#### [YOUR GOAL]
The output must consist only of the lines from the one with "kia carens (un) del año 2008" through the end of the listing, restated exactly and free of pictures.

#### [EXERCISE INPUT]
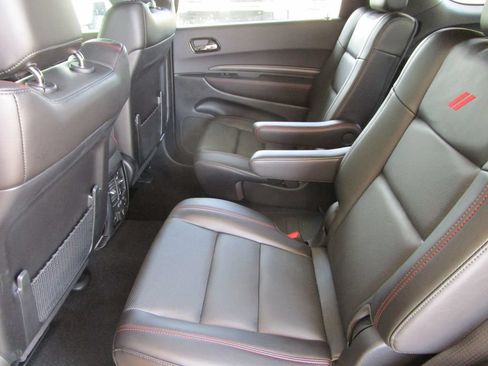 Used 2025 Dodge Durango R/T AWD/4WD image 22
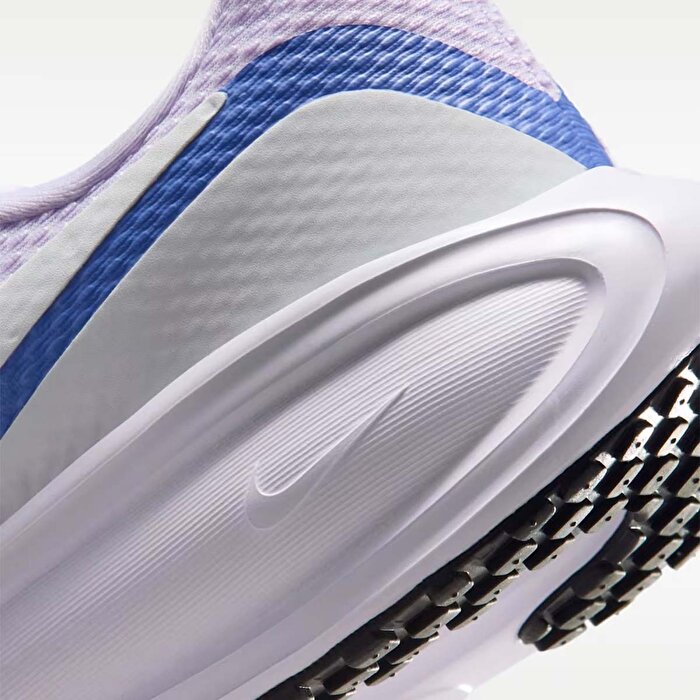 Nike Revolution 8 Kadın Mor Koşu Ayakkabısı
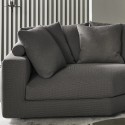 Sofá Superhiro Bonaldo Modular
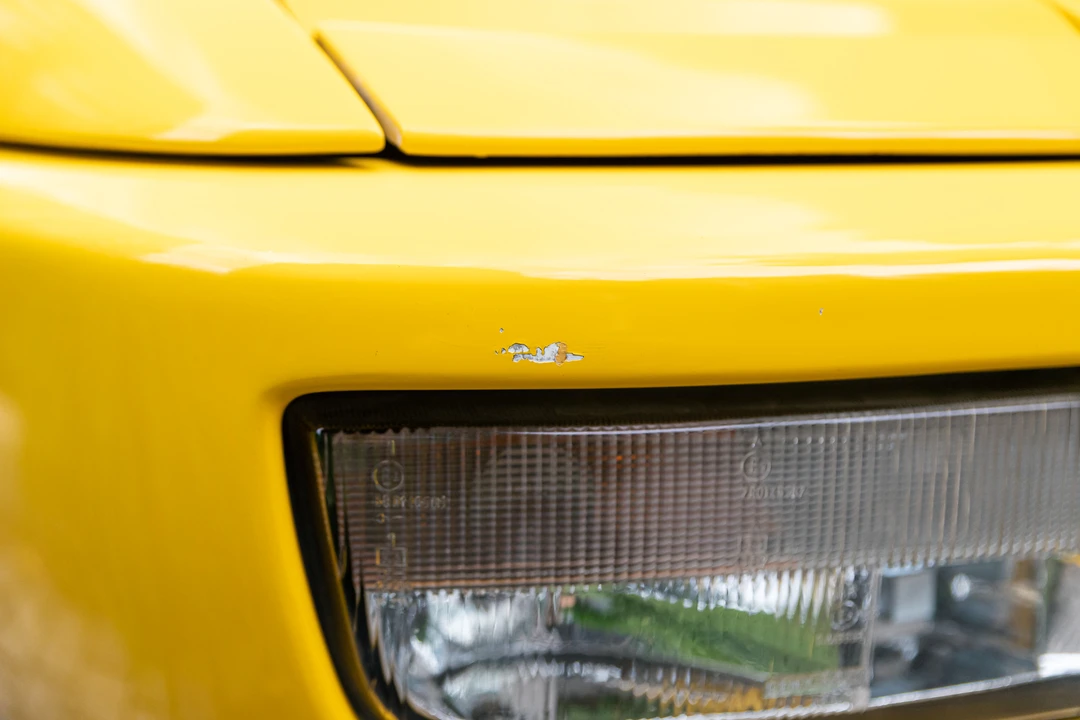 1991 Ferrari 348 ts - Image 25 of 31
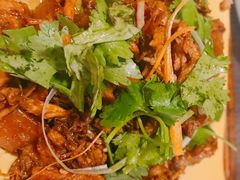 外婆巧烧肉-孙家外婆•长春地标美食新名片(吾悦广场店)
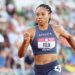 Allyson Felix: Más allá de las medallas, una lucha por la igualdad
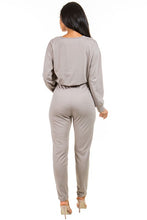 Load image into Gallery viewer, TOP TWO PIECE PANT SET
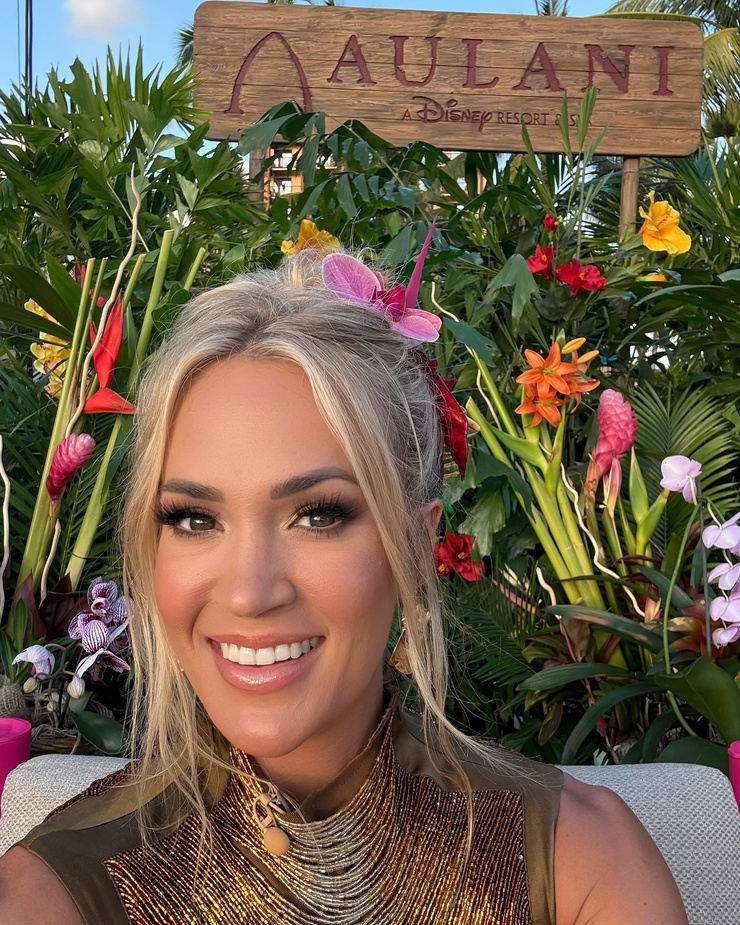 Carrie Underwood Carrie Underwood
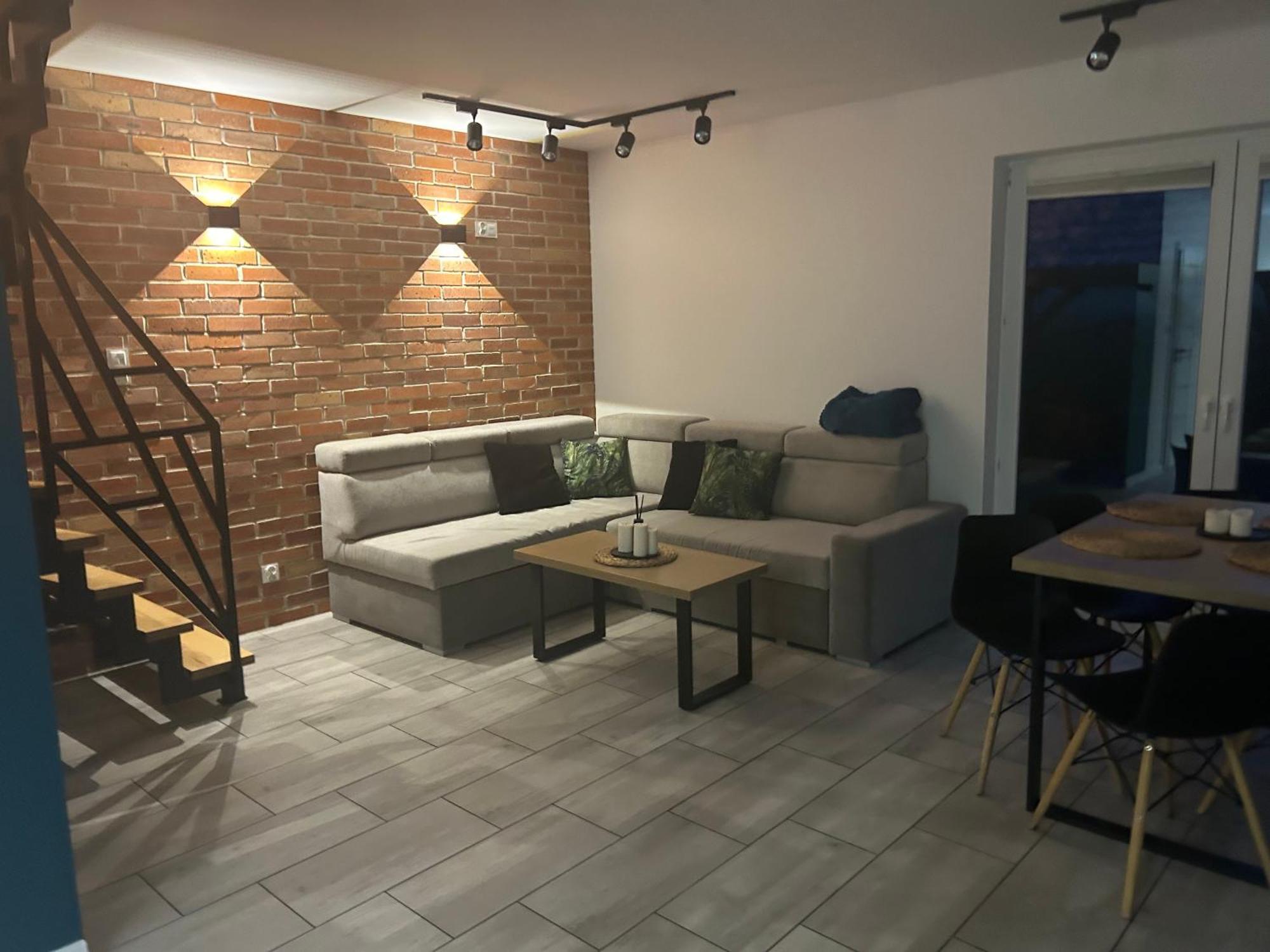 Domek Kaszuby Stezyca Z Bania I Sauna Extérieur photo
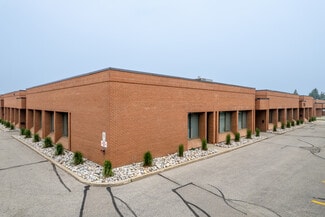 More details for 150 Connie Cres, Concord, ON - Industrial for Lease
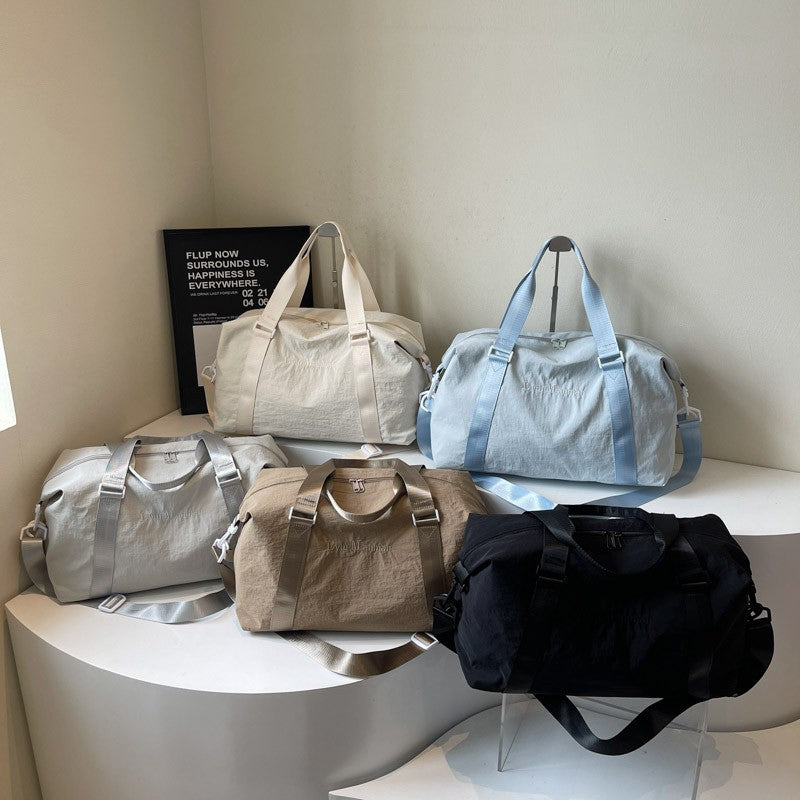 Leichtgewicht Reisetasche Karnz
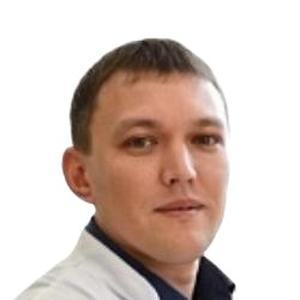 Чештанов Юрий Николаевич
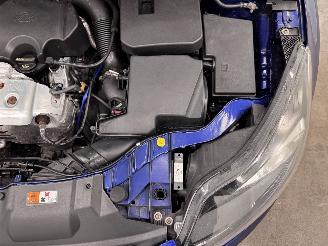 Ford Focus Wagon 1.0 EcoBoost Edition Plus Navi Clima picture 18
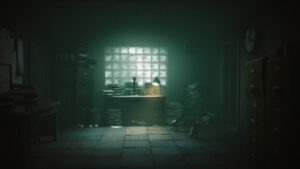 Screenshot de Little Nightmares III (ESP) (Precintado)
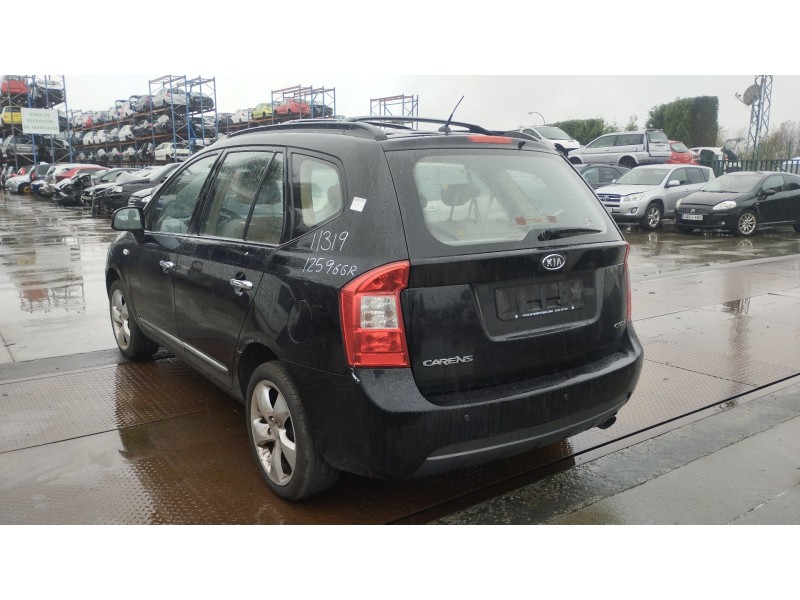 kia carens (un) del año 2008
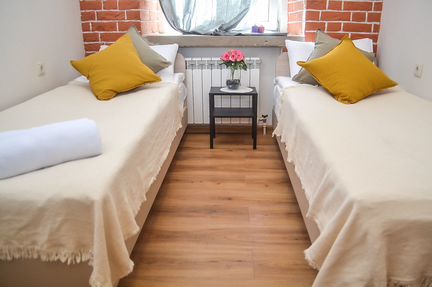 Квартира-студия, 12 м², 3/3 эт.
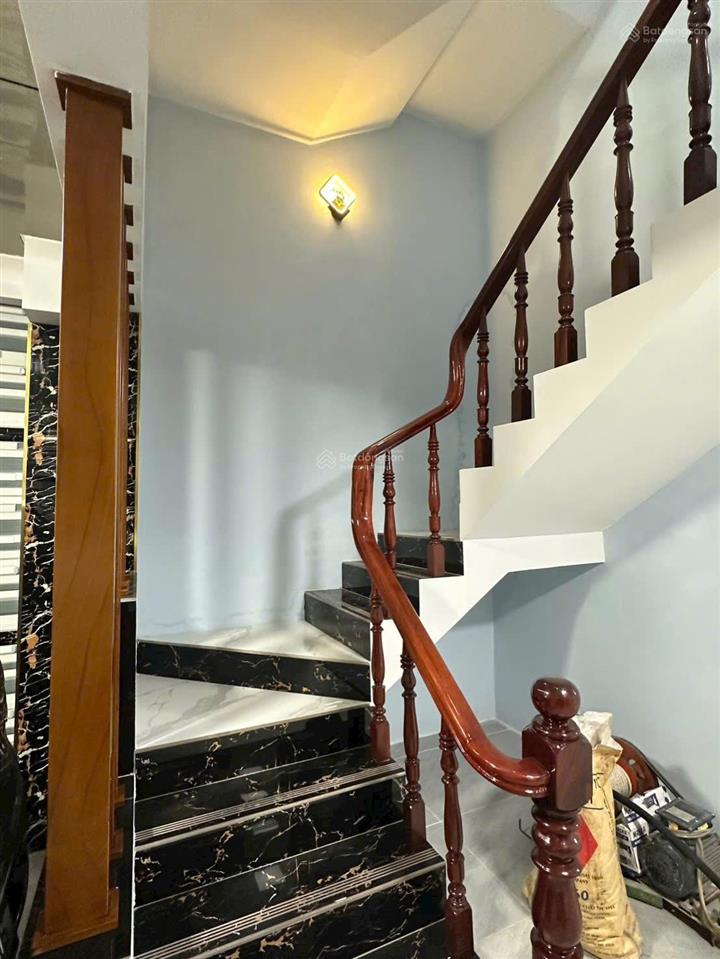 Bán nhà đẹp mtnb 12m cư xá ra đa  4 x 16m 5 tầng gần đường số 10 & đường số 11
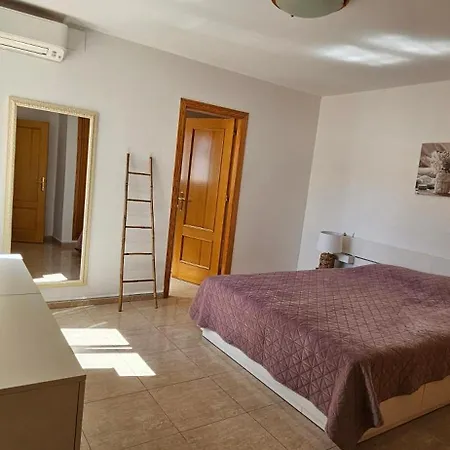 Nyaraló Casa Amina Calpe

#### [EXERCISE RESPONSE]
 kia carens (un) del año 2008
 Квартира-студия, 12 м², 3/3 эт.
 Bán nhà đẹp mtnb 12m cư xá ra đa  4 x 16m 5 tầng gần đường số 10 & đường số 11
 Nyaraló Casa Amina Calpe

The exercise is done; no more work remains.